*Task statement*
Copy out exactly, from the entries that follow, the line holding "Pull jacquard col", the line holding "Beige silk digital wedding lehenga choli", and all lines between them, but no pictures.

*** Opening of Excerpted data ***

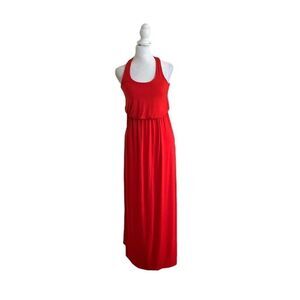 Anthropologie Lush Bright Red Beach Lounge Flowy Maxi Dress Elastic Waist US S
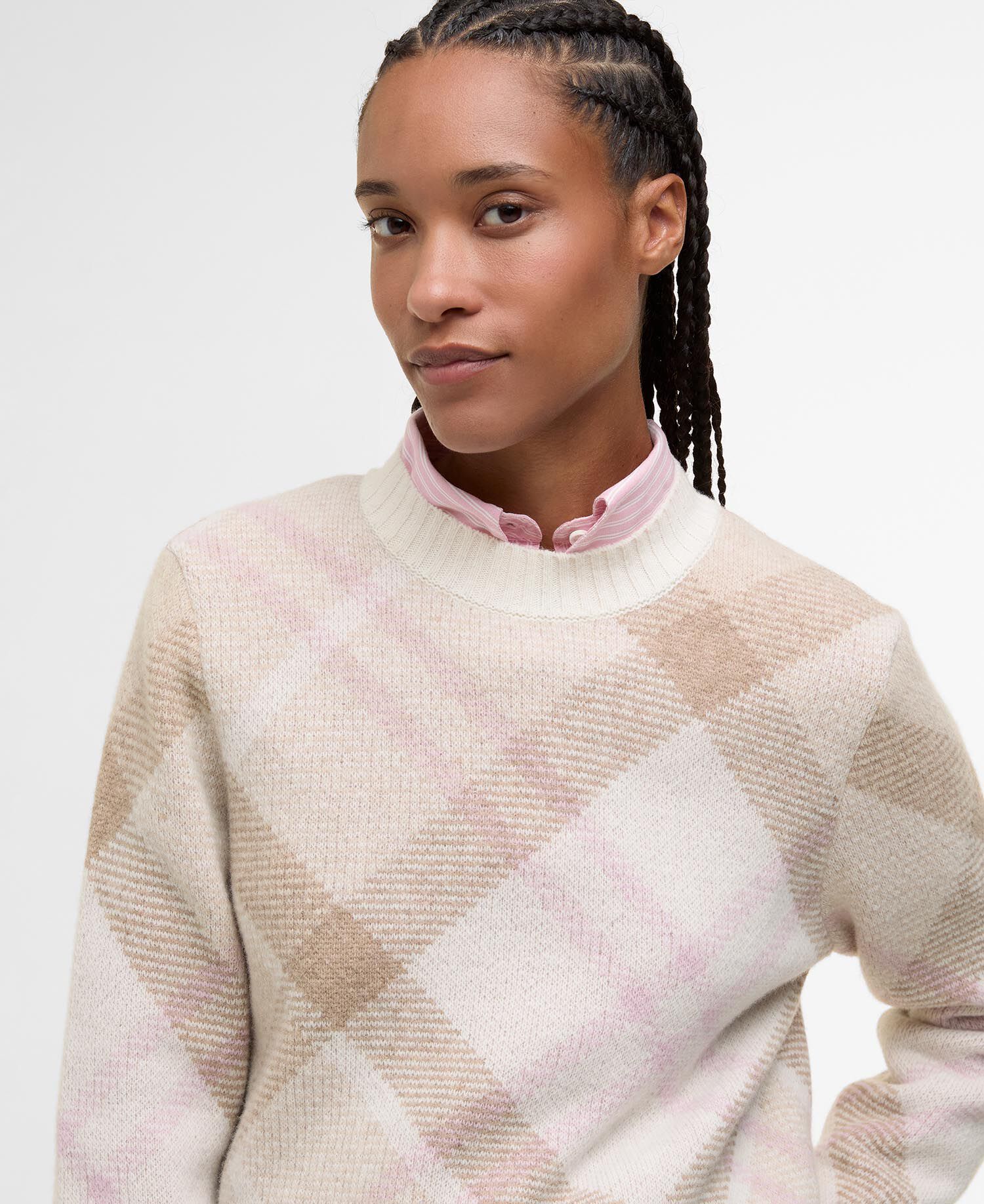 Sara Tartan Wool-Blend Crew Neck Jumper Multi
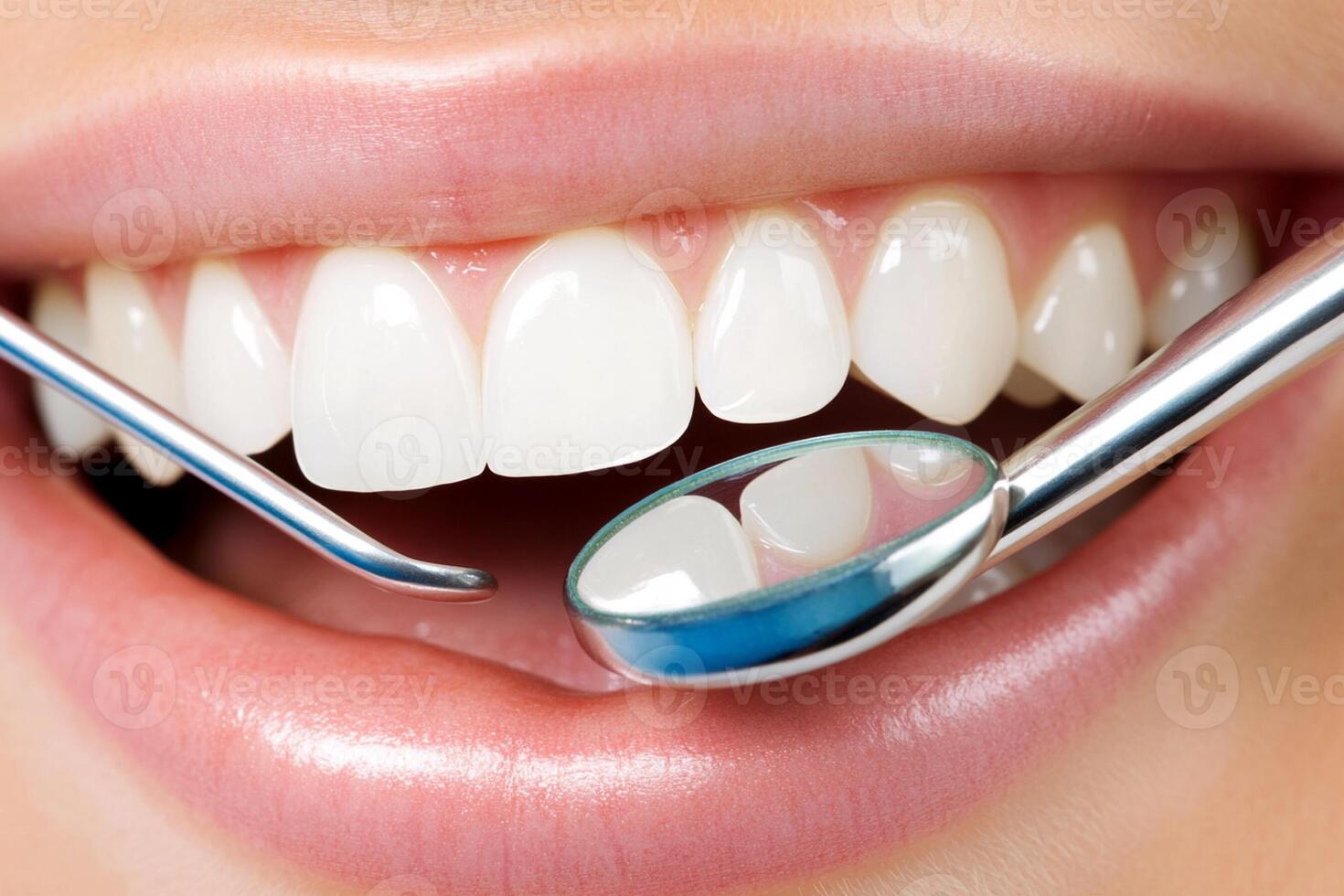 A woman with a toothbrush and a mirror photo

*** Close of Excerpted data ***
*** Opening of Excerpted data ***

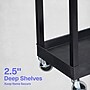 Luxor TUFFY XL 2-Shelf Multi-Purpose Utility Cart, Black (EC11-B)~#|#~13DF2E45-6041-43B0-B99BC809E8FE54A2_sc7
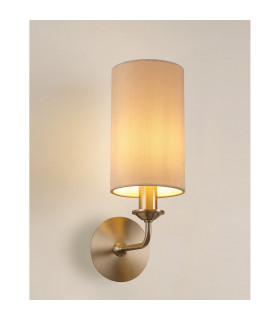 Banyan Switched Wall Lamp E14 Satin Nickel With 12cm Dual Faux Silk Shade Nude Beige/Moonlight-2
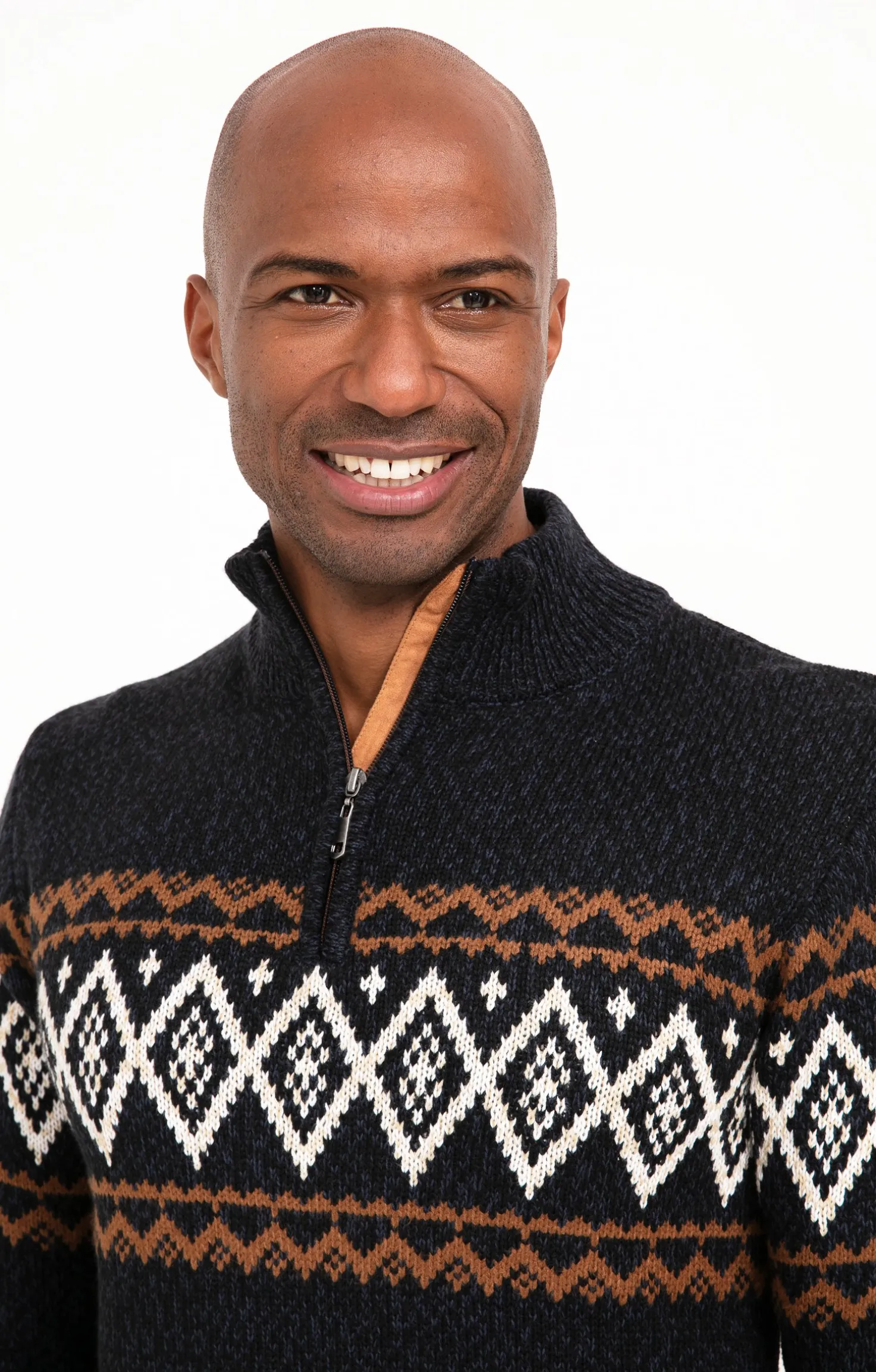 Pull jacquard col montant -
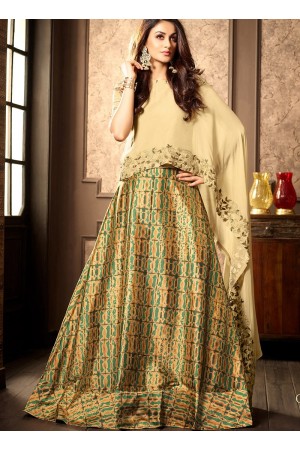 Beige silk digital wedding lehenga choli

*** Close of Excerpted data ***

*Exercise output*
 Pull jacquard col montant -
 Beige silk digital wedding lehenga choli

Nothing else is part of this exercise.